Gregor leerte sein Glas und wußte nicht weiter.

Neben dem Setzkasten, auf einem Bücherbord, waren Muscheln und Korken und ein kleiner Stoffbär und »Vom Winde verweht« und Kistchen & Kästchen und ein Stapel Briefe und getrocknete Blumen und ein Horoskop für Juni und ein Teebecher mit einer dicken schwarzen Drei.

Darunter, leicht abgerückt von den Klassik-LPs, lag neben Neil Young und Pink Floyd die leere Hülle von Seasons In The Sun – ein Geschenk? Ach, das tat ja sowieso nichts mehr zur Sache.

Gregor trat ans Fenster und blickte der schiefergrauen Wetterwand entgegen, unter der die Felder ganz flau wurden. Die Felder, die er so liebte, die Birkenreihen dazwischen Pappelreihen, die er so liebte, die kleinen Wege, es hätte alles so schön sein können.

Ein Traktor fuhr ins benachbarte Gehöft.

Durch die Wiesen, Richtung Buddenkuhle, glitt ein roter Punkt.

Kristina – nein, sie legte ihm nicht etwa unversehens die Hand auf die Schulter; sie stand nur plötzlich hinter ihm.

Stand nur plötzlich vor ihm.

Drehte sich eine Haarsträhne um den Finger.

Wie immer.

Fuhr ihm so unvermittelt, daß es schmerzte, über das Pflaster auf der Stirn.

Lag in seinen Armen.

Draußen, in Weil der Stadt, schepperte eine leere Fanta-Dose durch den Rinnstein.

Draußen, in Untersiebenbrunn, stand der Brüller und brüllte sein Lied.
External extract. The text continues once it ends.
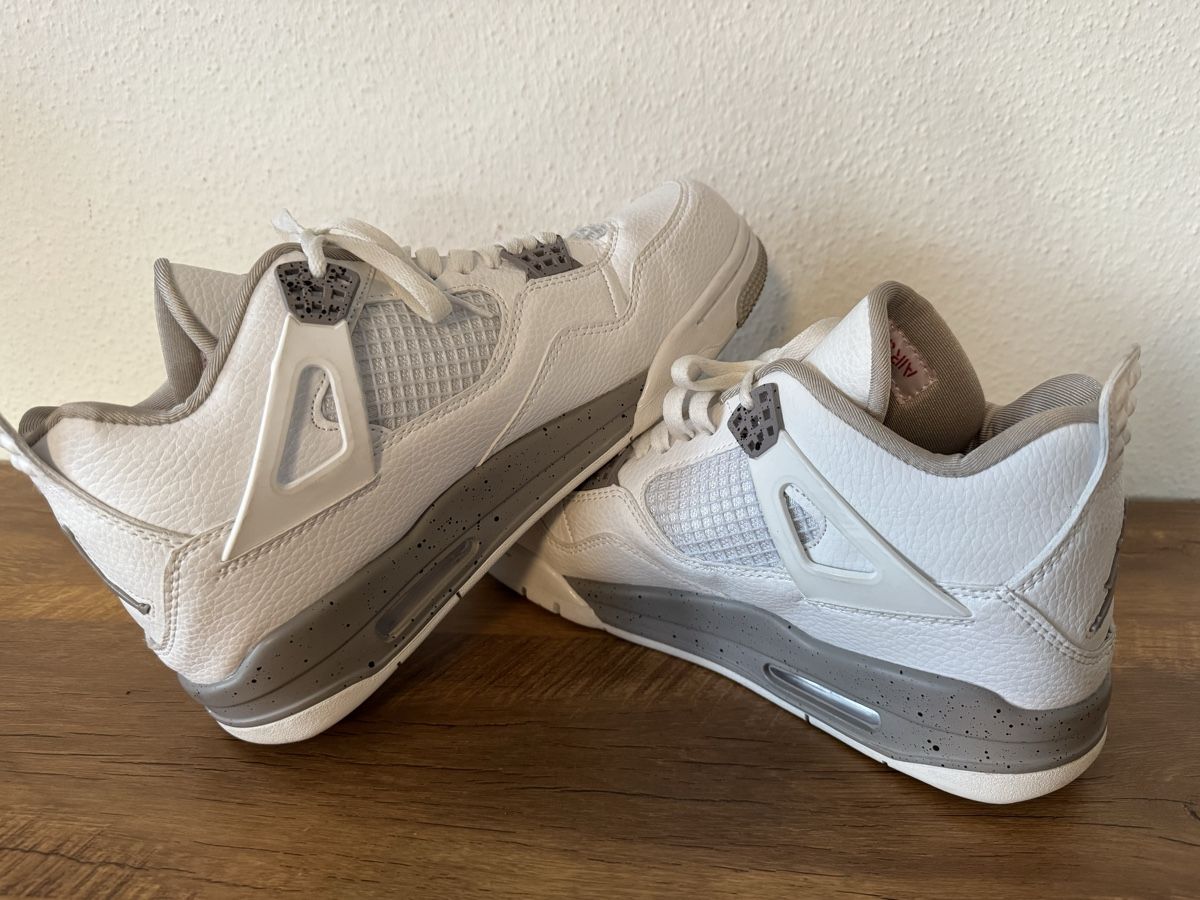 Jordan Scarpe da uomo: Jordan 4 Retro, taille 44 – Usato da Brügg BE venduto da Goob 1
Draußen, in Wechte, klatschte der Wind gegen die Wäscheleine und Gregor wäre fast umgestürzt unter der Wucht des Aufpralls und alle Farben wurden weiß und alle Dinge wurden Eis und nichts war naß neinein oder pelzig oder sonstwas sondern war nichts – –

der absolute Gefrierpunkt – – – und wie er da wieder rausgekommen war, aus dieser fühllosen, farblosen Leere, ließ sich im nachhinein nur damit erklären, daß der Himmel gar nicht so blau geworden, wie Gregor kurz geglaubt hatte, und die Welt weiterhin grün geblieben und die Wege darin grau: daß die erste Regenbö gegen’s Fenster gefahren und es Kristina jählings aufgefallen war, daß sie fröstelte. Daß es ihr jählings eingefallen war, einen Pulli zu holen, einen weißen, einen gnadenlos weißen Pulli zu holen.